DATA EXTRACT –
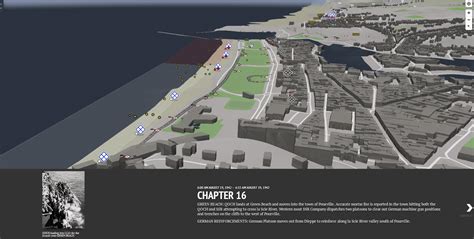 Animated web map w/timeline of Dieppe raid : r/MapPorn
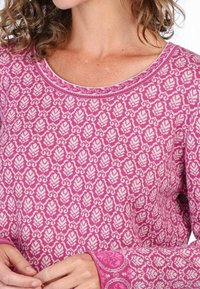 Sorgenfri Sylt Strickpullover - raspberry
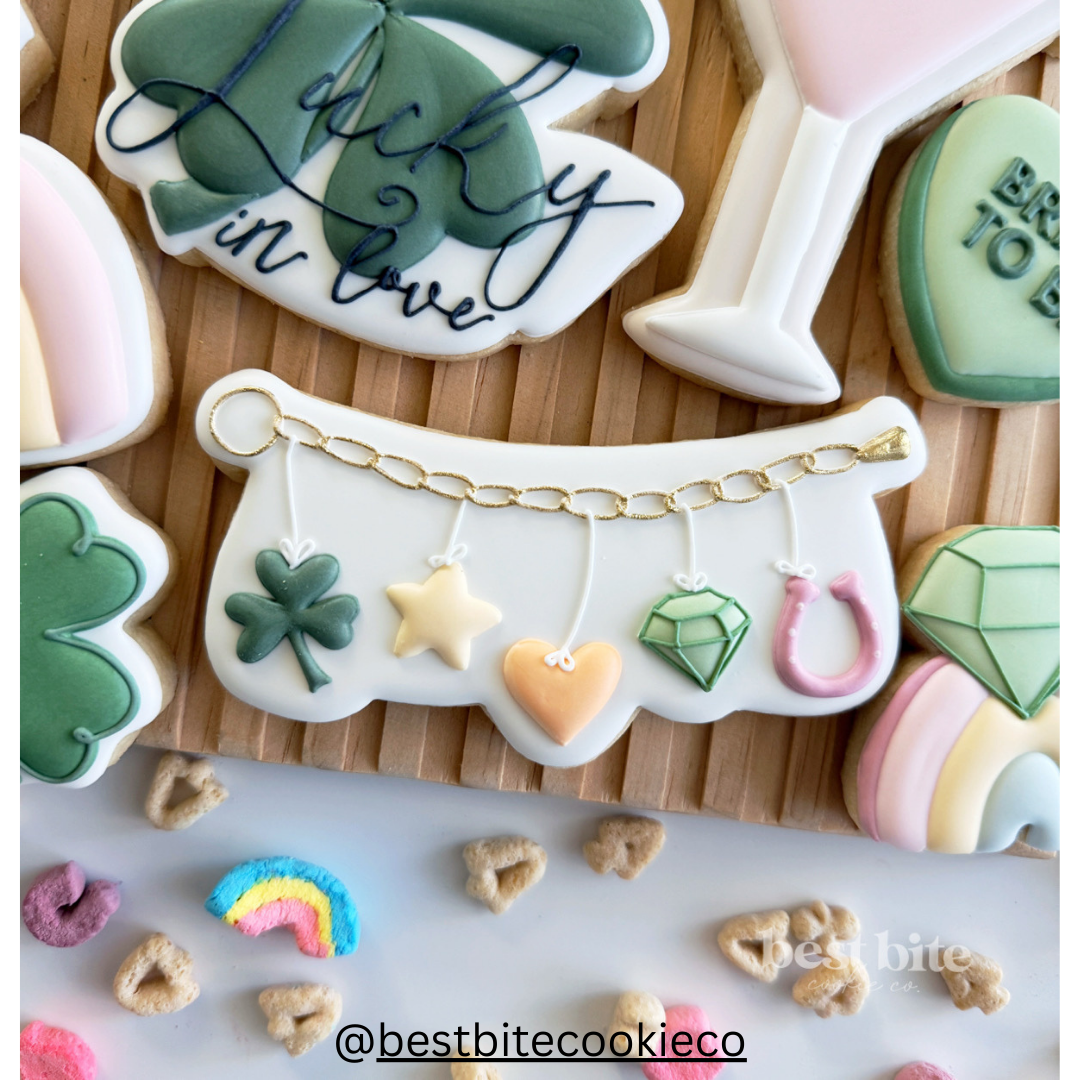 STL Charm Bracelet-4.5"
---
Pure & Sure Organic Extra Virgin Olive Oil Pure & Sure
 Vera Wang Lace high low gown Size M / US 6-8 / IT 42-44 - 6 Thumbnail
...
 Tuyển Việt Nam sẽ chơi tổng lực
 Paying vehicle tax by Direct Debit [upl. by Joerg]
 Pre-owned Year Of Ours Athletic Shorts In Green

WORK TASK – Your answer should be the lines above from the one containing "Pure & Sure Organic" through the one containing "Vera Wang Lace", copied exactly and with both ends kept.

EXERCISE RESPONSE –
Pure & Sure Organic Extra Virgin Olive Oil Pure & Sure
 Vera Wang Lace high low gown Size M / US 6-8 / IT 42-44 - 6 Thumbnail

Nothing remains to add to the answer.